◆ Problem description ◆
Pull every line holding the word "cũng" from the data below and copy it.

^^^^

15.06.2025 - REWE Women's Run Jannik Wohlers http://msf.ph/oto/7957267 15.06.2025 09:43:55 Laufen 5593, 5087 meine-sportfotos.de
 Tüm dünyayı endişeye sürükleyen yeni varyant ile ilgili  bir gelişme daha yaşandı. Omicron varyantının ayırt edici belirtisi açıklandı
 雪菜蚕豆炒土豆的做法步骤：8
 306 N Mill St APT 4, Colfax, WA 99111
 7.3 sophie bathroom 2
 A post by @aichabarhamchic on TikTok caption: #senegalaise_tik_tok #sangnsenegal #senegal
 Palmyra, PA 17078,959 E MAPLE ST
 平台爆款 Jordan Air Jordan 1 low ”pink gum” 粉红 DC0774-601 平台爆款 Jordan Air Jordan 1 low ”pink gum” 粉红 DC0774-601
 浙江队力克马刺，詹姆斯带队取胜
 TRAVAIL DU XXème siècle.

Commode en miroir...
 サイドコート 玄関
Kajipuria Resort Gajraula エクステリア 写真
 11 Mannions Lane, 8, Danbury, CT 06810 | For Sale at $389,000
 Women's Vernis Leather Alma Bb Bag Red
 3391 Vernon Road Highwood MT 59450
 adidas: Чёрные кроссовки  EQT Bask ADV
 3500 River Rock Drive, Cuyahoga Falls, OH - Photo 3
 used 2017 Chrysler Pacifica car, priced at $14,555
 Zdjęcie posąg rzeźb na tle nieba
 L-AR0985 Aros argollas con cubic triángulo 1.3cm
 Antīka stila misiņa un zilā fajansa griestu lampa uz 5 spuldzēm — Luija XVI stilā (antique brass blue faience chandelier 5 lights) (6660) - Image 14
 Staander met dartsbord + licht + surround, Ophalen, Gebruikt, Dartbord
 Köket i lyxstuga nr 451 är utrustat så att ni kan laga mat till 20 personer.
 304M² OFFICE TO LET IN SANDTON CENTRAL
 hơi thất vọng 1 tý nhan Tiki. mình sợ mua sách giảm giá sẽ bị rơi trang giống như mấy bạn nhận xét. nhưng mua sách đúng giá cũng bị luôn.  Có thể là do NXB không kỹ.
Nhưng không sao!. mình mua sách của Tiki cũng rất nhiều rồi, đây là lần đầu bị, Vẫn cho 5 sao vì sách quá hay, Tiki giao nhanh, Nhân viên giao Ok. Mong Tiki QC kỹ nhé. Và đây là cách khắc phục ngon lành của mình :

^^^^

◆ Finished task ◆
 hơi thất vọng 1 tý nhan Tiki. mình sợ mua sách giảm giá sẽ bị rơi trang giống như mấy bạn nhận xét. nhưng mua sách đúng giá cũng bị luôn.  Có thể là do NXB không kỹ.
Nhưng không sao!. mình mua sách của Tiki cũng rất nhiều rồi, đây là lần đầu bị, Vẫn cho 5 sao vì sách quá hay, Tiki giao nhanh, Nhân viên giao Ok. Mong Tiki QC kỹ nhé. Và đây là cách khắc phục ngon lành của mình :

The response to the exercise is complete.